November 6, 2013

OLTP Clearly in Hadoop’s Future, Cutting Says

Alex Woodie

Think Hadoop is just for analytics? Think again, says Hadoop creator Doug Cutting, who last week predicted that, in the future, organizations will run all sorts of workloads on their Hadoop clusters, even online transaction processing (OLTP) workloads, the last bastion of the relational legacy.

Cutting didn’t don a wig or fancy robe when he made his predictions about the future of Hadoop during a speech at the Strata + Hadoop World conference last week. He didn’t wave a magic wand or use a crystal ball. Instead, the plain-speaking technophile made his points by tapping into his own vast repository of knowledge on the topic. Oh, and PowerPoints.

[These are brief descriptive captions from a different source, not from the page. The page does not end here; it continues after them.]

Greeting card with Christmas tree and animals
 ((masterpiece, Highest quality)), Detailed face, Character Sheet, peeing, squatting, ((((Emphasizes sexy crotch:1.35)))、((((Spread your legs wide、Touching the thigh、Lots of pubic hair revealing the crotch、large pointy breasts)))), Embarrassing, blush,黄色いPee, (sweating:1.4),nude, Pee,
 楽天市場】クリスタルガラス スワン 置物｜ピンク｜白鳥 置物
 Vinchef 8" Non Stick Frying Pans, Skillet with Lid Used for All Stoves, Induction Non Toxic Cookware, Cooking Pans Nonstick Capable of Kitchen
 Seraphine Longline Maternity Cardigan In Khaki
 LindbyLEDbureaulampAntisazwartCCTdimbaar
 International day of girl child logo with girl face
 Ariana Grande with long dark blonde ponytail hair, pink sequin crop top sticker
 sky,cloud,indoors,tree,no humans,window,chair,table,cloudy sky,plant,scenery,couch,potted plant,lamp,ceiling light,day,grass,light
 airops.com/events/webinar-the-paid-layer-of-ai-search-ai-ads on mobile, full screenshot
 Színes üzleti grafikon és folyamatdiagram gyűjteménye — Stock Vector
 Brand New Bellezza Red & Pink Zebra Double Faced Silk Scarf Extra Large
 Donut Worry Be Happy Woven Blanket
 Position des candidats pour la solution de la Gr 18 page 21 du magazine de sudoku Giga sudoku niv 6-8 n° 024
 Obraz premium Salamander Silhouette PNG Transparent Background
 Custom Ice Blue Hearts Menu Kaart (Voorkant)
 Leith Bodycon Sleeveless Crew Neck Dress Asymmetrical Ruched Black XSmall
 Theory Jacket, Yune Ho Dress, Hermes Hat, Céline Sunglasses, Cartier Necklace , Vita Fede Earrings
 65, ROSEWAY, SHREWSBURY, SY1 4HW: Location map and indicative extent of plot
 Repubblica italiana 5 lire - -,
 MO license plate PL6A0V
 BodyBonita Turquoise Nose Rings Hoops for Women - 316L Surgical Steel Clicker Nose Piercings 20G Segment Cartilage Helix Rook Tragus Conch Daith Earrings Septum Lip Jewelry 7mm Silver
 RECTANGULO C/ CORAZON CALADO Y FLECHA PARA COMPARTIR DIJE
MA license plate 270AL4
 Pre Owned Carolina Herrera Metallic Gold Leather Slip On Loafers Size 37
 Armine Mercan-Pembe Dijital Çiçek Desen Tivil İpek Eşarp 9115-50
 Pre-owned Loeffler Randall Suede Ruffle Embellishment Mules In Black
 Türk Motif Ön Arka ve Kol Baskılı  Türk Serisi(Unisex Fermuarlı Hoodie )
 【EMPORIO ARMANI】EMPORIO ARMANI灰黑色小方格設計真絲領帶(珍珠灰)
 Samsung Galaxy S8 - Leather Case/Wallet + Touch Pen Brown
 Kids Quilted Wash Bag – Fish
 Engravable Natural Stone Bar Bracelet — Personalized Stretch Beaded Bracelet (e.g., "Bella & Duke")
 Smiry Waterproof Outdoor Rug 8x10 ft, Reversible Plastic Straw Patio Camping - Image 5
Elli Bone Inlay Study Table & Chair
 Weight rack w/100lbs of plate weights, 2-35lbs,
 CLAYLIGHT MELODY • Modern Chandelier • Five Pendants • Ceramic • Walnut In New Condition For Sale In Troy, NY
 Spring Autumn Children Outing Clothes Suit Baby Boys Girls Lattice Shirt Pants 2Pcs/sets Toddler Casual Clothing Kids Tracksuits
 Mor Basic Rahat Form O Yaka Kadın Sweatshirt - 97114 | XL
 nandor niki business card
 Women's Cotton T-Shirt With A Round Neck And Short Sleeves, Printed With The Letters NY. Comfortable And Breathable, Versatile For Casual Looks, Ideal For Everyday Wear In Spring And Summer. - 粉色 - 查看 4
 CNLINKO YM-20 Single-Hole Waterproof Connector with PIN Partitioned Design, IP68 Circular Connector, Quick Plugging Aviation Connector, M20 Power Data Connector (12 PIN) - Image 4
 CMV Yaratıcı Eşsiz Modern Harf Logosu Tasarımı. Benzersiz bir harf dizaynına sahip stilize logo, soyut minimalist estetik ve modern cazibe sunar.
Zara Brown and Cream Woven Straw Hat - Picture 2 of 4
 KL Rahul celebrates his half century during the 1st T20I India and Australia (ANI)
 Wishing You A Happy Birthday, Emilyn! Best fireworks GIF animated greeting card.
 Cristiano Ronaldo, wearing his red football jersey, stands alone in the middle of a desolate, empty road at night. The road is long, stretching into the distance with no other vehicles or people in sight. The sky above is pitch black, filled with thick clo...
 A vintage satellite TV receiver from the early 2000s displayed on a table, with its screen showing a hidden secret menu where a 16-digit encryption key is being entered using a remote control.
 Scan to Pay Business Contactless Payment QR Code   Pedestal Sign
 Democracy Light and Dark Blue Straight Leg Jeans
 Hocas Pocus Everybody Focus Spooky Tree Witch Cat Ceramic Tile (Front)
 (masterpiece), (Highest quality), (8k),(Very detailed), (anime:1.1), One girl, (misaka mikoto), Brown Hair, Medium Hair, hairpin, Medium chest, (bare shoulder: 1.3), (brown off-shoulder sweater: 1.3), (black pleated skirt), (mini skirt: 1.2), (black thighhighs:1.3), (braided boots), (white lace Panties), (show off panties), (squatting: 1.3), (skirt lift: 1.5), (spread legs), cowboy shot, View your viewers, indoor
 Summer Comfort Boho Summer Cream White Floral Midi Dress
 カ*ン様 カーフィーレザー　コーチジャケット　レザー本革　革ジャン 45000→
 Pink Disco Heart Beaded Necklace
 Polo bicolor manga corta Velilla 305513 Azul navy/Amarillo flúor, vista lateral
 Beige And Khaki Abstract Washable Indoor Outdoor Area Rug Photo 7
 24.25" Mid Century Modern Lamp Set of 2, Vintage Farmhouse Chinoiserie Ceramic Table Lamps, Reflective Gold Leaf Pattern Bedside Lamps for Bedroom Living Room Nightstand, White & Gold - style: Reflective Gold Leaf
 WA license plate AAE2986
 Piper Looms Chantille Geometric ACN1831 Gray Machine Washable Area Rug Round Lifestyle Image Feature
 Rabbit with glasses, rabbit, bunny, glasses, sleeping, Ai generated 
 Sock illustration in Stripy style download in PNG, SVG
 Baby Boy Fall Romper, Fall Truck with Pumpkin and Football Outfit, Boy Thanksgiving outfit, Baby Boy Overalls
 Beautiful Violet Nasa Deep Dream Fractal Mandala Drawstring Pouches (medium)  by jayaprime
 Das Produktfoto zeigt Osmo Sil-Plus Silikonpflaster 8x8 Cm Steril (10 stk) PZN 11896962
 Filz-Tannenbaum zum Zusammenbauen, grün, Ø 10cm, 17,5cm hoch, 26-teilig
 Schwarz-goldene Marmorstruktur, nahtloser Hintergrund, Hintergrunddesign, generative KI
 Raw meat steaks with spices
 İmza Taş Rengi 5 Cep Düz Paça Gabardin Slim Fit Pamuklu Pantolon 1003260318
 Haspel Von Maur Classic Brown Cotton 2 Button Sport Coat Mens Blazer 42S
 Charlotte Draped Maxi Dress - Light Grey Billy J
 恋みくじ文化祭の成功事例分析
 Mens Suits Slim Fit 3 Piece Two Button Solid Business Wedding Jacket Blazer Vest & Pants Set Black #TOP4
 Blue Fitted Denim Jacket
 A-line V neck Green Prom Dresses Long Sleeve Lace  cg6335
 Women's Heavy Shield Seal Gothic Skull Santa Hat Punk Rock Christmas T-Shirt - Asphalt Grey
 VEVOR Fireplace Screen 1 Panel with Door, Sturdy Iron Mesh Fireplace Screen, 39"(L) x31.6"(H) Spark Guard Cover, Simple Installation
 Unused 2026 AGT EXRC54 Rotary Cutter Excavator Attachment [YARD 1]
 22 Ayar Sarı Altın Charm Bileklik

“I don’t have a time machine. I can’t see the future any better than you can,” Cutting said. “I’m a guy who, in the past, looked at the present, looked at facts, and decided what to do next. I’m not attempting to look too far down the road.”

But as chief architect for the leading Hadoop distributor Cloudera, it’s in Cutting’s job description to have some idea where it’s headed. Besides, it was Cutting himself who set this ball into motion 10 years ago when he started writing this software product that’s having such a big impact on the IT industry and, arguably, the world at large. Clearly, the guy has an opinion on the matter, and that opinion clearly matters.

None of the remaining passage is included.